SANTAMONICA

Lungomare Lombardo 27, 16145 Genova

CHIUSURA Lunedì. Domenica a cena in inverno

FERIE Gennaio
COPERTI 25 interni + 45 esterni
ANIMALI si

Il Lungomare Lombardo è una crêuza che aggira l’antica abbazia di San Giuliano costeggiando l’omonima spiaggia. Monica e Andrea, assistiti dallo chef Domenico Volta, aprono qui il Santamonica, ed accolgono gli ospiti in un contesto elegante dove il mare è di casa. Il Santamonica è un’insegna non convenzionale. Il menu esce dai canoni e segnala i piatti senza la suddivisione delle portate per un percorso in assoluta libertà di gusto. Il pesce fresco e di alta qualità è il protagonista della cucina. I crudi sanno di mare. Il colore dei carapaci, la forma delle conchiglie, il gusto sapido delle carni beneficiano dello stile pulito e minimale dello chef che rispetta i gamberi rossi e gli scampi rosa di Santa Margherita, le triglie di Camogli, il sashimi di palamita, seppie, ostriche e tonno rosso Balfegò. Gli accostamenti, sorprendenti, sono nei cotti, pur sempre rispettosi della materia prima che è regina del piatto. Capesante, ricciola, sogliola, seppia, astice incontrano il broccolo, i ceci, la salsiccia cruda di Bra, lo zenzero, emulsioni di cavolfiore. I gamberi viola si offrono in più consistenze. Le acciughe marinate sono servite con parmigiano alla fava Tonka e mandorle. Il polpo è accompagnato alla salsa Romesco, al porro fritto e alla maionese di senape. Non mancano le carni: l’agnello con ricci di mare e cipollotti; il carpaccio di wagyu Kobe con maionese di rafano, il piccione con gyoza al vapore. Le bavaresi, la panera, la sacripantina, cui si aggiunge la Mattonella, dessert iconico del Santamonica sono di tradizione genovese. La carta dei vini ama la Liguria, per un vino del territorio che nasce già sposato con il pesce fresco del mare Ligure.

Menu TavoleDOC

90 € a persona

Benvenuto della cucina
Carpaccio di baccalà e salsa al Bloody Mary
Sgombro, ostriche affumicate, lattuga ai carboni
Spaghetti ‘Felicetti’ con salsa di calamari fritti
Scucuzzun con ricci di mare, estrazione di ‘nduja, latte cagliato
Sogliola cotta sull’osso, caviale, emulsione di cavolfiore
Pescato di amo, aglio nero, mandorle, limone, sedano, il suo fondo
Dolce

Piccione Viaggiatore

Tempo di preparazione: 2h · Difficoltà: alta

Iniziate a disossare le alette e le cosce del piccione, togliendo le interiora.

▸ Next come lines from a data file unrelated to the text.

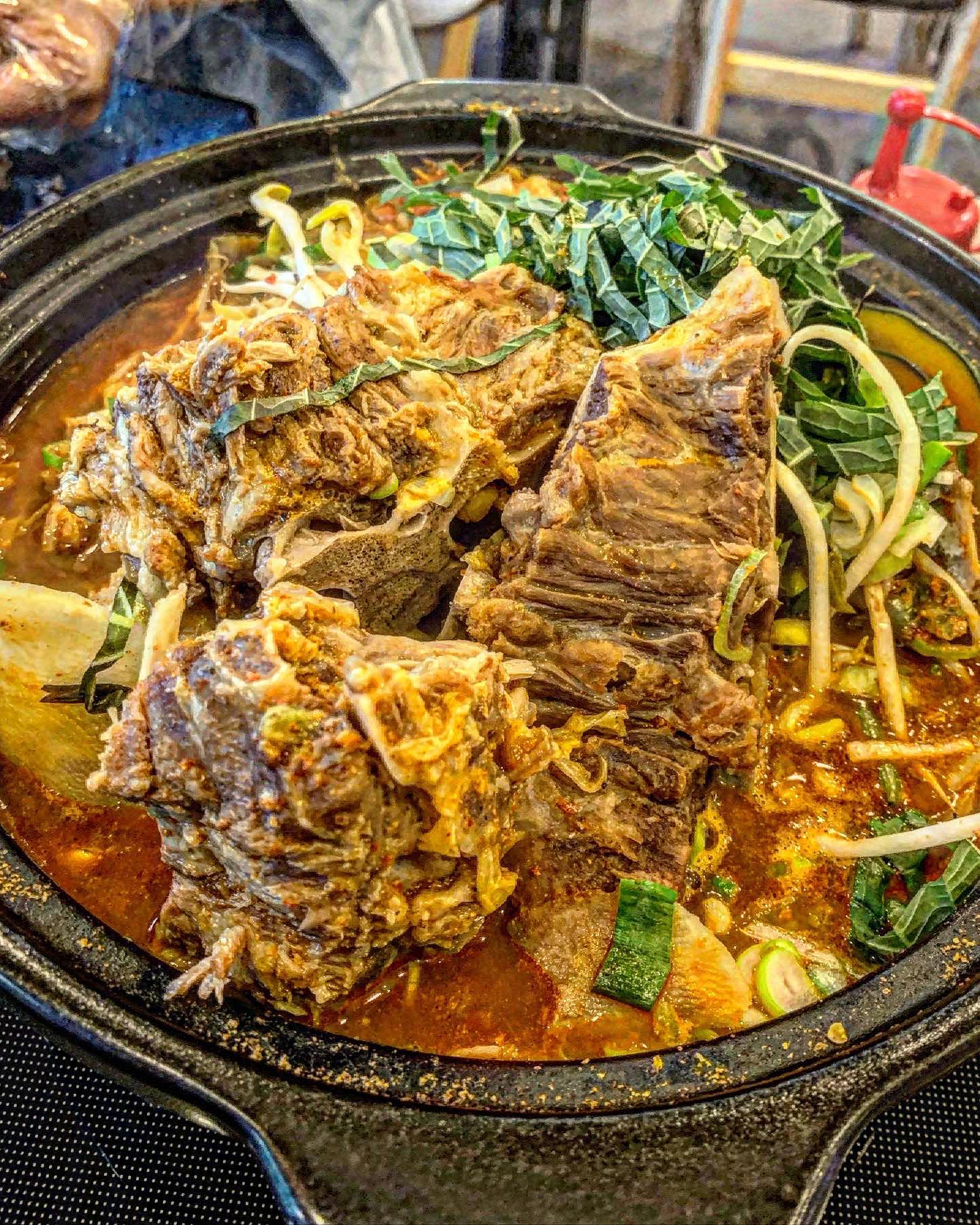 #더담 #순천더담 

✔️한방인삼 감자탕

오늘은 연향동 감자탕 맛집
더담에 다녀왔습니다 !

연향동 감자탕 맛집 더담은
배달과 포장이 많은지
포장용기들이 왕창 쌓여져 있었어요
주방쪽이 엄청 넓었어요 ‼️

모든 메뉴가 한방이라 적혀있어서
혹여나 한방냄새가 너무 많이 나면
어쩌나 평소에도 한방으로 한 음식이나 한약은 못먹는데 ,, 하고 걱정했어요 ㅠㅠ

이 집 계란찜 완전 취저 !!!
저 앞으로 집에서 계란찜 해먹을땐
참기름 꼭 넣어서 해먹을꺼에요
물도 많이 넣으니 계란이 더 부드럽고 포슬포슬하니 꿀맛 ㅜㅜ
참기름 넣으니 완전 꼬수미 ~ 했어요

감자탕을 시키면 주먹밥이 서비스로
나온대요 !!! 대박사건 ~~
이건 저희 어무니 취저 ! 거의 다 드셨답니다 ,,, 마지막엔 한알 남은
주먹밥에 감자탕 국물 넣어서
비벼 드셨어요
ㅋㅋㅋㅋㅋㅋㅋㅋㅋㅋㅋㅋㅋ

PER IL BON BON, tagliate il piccione disossato a coltello e conditelo con sale, pepe, le spezie cinesi e l’uovo. Fate delle polpette da circa 30 g l’una, impanatele e riattaccatele al femore. Dopodiché, abbattetele e friggetele al momento.

PER IL PETTO, cuocete i petti ancora in carcassa e disossateli solo al momento.

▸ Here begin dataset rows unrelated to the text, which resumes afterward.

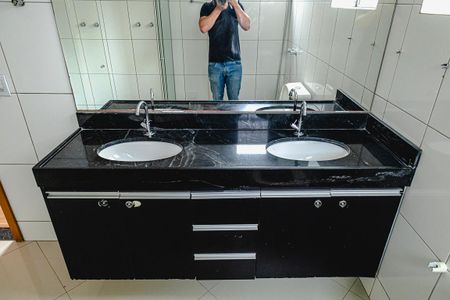 Apartamento para alugar com 340m², 4 quartos e 2 vagassuite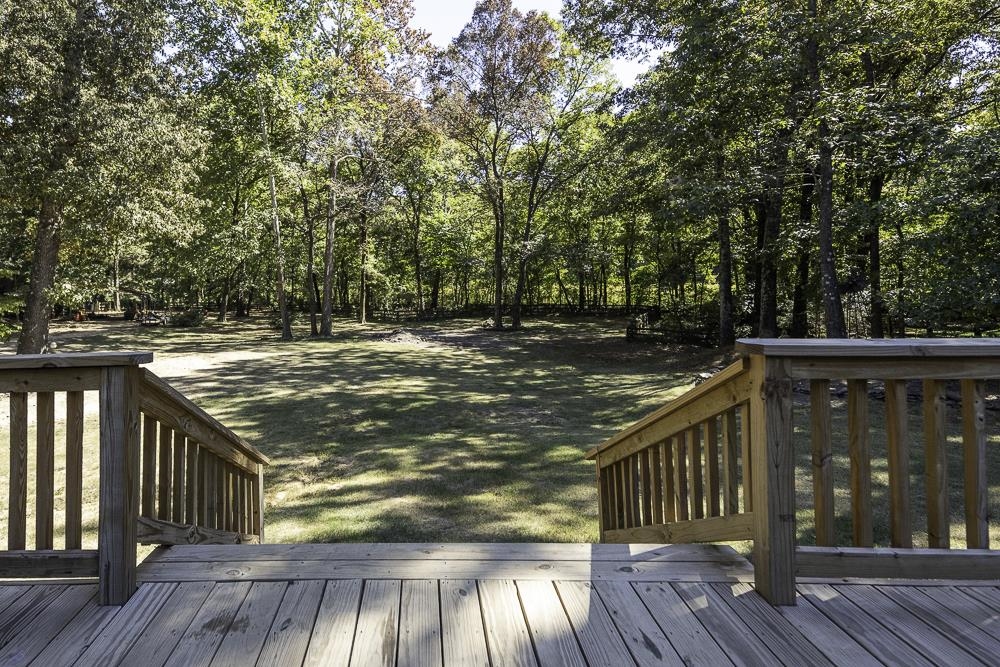 90 Country Forest Dr Property Photo 5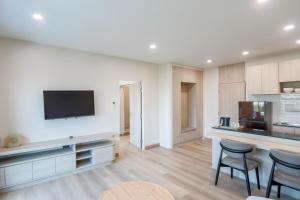 Aster Canopy Suites & Living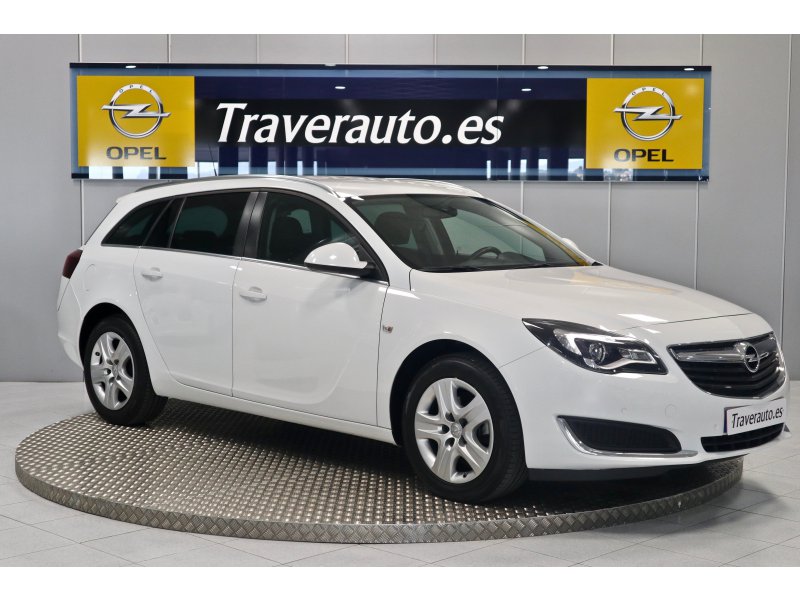 Opel Insignia ST 1.6 CDTI 136 CV Auto Selective Opel Insignia ST 1.6 CDTI 136 CV Auto Selective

PER IL GYOZA, prendete la farina e impastatela con 170 ml di acqua calda.

PER LA FARCIA del gyoza, utilizzate circa 300 g di interiora di piccione, tra cuoricini e fegati. Pulite lo scalogno e deglassate con il Vin Santo. Passate il tutto al Bimby e aggiungete una mela verde tagliata a brunuoise.